Datum: 31. Juli 2026
Behörde: FCA (Großbritannien)
Betroffen: Finlto / finalto.co
Art der Warnung: Identitätsmissbrauch (Klonfirma)
Risiko für Anleger
Klonfirmen verwenden echte Unternehmensdaten oder Registernummern, um Vertrauen zu schaffen. Zahlungen fließen jedoch direkt an Betrüger.
Empfehlung
Kontaktdaten ausschließlich über das offizielle FCA-Register beziehen und niemals auf Telefonnummern oder E-Mail-Adressen aus Werbeanzeigen oder Messenger-Nachrichten vertrauen.
Originalquelle: FCA
CONSOB sperrt sechs unerlaubte Trading-Plattformen
Auch die italienische Finanzaufsicht CONSOB setzt ihr konsequentes Vorgehen gegen illegale Online-Broker fort. Sie ordnete die Sperrung von sechs weiteren Webseiten an, über die ohne die erforderliche Lizenz Finanz- und Wertpapierdienstleistungen angeboten worden sein sollen. Betroffen sind unter anderem Valore Capital, Market Capital FX, AON CFD, Wallex Markets, IG Capital Europe und Dortuviax.
Datum: 31. Juli 2026
Behörde: CONSOB (Italien)
Art der Warnung: Unerlaubte Investment- und Tradingangebote
Risiko für Anleger
Bei nicht regulierten Handelsplattformen werden Gewinne häufig lediglich simuliert.
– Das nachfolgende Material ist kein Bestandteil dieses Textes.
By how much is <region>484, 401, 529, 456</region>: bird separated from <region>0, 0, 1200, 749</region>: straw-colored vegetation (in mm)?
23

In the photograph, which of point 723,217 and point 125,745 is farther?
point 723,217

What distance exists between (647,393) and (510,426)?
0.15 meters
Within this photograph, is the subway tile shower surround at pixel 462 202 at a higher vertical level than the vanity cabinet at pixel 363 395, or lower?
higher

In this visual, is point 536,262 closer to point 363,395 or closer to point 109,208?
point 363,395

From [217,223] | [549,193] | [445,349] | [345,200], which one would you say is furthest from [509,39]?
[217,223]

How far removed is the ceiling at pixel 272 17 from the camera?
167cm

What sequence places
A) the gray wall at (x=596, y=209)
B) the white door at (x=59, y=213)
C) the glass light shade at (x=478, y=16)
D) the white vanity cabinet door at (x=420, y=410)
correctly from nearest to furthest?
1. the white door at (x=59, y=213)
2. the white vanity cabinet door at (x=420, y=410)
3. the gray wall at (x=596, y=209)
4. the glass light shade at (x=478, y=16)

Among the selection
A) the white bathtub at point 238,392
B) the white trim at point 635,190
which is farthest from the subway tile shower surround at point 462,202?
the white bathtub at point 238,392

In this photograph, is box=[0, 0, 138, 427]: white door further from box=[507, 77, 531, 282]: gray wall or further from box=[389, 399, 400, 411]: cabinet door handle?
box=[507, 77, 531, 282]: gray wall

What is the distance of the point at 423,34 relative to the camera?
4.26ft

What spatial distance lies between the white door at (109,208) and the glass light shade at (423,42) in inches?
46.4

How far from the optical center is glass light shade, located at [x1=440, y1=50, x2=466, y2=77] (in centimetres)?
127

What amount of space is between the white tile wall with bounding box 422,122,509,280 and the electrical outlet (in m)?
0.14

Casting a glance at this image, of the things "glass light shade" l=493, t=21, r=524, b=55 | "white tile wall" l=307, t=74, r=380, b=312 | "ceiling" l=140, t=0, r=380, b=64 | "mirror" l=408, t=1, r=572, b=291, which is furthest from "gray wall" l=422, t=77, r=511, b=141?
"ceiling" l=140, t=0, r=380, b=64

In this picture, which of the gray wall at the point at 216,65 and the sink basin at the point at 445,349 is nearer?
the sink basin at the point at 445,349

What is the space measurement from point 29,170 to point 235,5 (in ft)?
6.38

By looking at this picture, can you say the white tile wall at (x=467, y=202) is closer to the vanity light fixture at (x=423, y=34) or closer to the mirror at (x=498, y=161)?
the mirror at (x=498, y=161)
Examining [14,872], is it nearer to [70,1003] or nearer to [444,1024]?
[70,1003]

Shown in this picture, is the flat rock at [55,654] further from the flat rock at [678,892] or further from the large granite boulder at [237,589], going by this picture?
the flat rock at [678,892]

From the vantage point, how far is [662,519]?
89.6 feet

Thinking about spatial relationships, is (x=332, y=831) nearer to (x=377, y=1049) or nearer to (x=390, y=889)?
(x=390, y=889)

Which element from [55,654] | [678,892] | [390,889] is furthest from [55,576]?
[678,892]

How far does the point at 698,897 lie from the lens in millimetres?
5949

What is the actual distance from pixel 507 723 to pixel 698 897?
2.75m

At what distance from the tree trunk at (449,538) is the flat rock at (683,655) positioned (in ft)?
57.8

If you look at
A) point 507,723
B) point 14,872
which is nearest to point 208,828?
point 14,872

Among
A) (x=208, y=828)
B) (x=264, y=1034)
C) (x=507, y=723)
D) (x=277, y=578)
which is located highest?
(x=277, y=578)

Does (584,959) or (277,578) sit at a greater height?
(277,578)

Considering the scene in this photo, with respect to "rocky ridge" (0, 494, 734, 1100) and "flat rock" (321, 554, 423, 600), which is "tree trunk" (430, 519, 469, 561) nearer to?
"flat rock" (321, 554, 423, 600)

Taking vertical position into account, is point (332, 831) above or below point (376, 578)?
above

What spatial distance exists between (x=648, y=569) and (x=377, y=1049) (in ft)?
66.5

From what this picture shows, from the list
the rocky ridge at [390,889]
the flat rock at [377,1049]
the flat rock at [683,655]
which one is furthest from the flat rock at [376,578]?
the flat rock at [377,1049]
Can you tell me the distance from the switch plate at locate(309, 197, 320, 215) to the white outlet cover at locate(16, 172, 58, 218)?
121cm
Auszahlungen bleiben aus oder werden von zusätzlichen Zahlungen abhängig gemacht. Zudem besteht die Gefahr des Missbrauchs persönlicher Daten.
Empfehlung
Keine Registrierung vornehmen, keine Einzahlungen leisten und bei bereits erfolgten Überweisungen umgehend Bank oder Zahlungsdienstleister informieren.
Originalquelle: CONSOB
Fazit
Die aktuellen Warnungen zeigen erneut ein klares Muster: Betrüger setzen zunehmend auf professionell gestaltete Trading-Plattformen, gefälschte Unternehmensidentitäten und internationale Domains, um Anleger zu täuschen. Vor jeder Investition sollten Verbraucher die Zulassung eines Finanzdienstleisters im offiziellen Register der zuständigen Aufsichtsbehörde überprüfen. Ein seriöser Internetauftritt oder eine bekannte Firmenbezeichnung bieten keinen ausreichenden Schutz vor Anlagebetrug.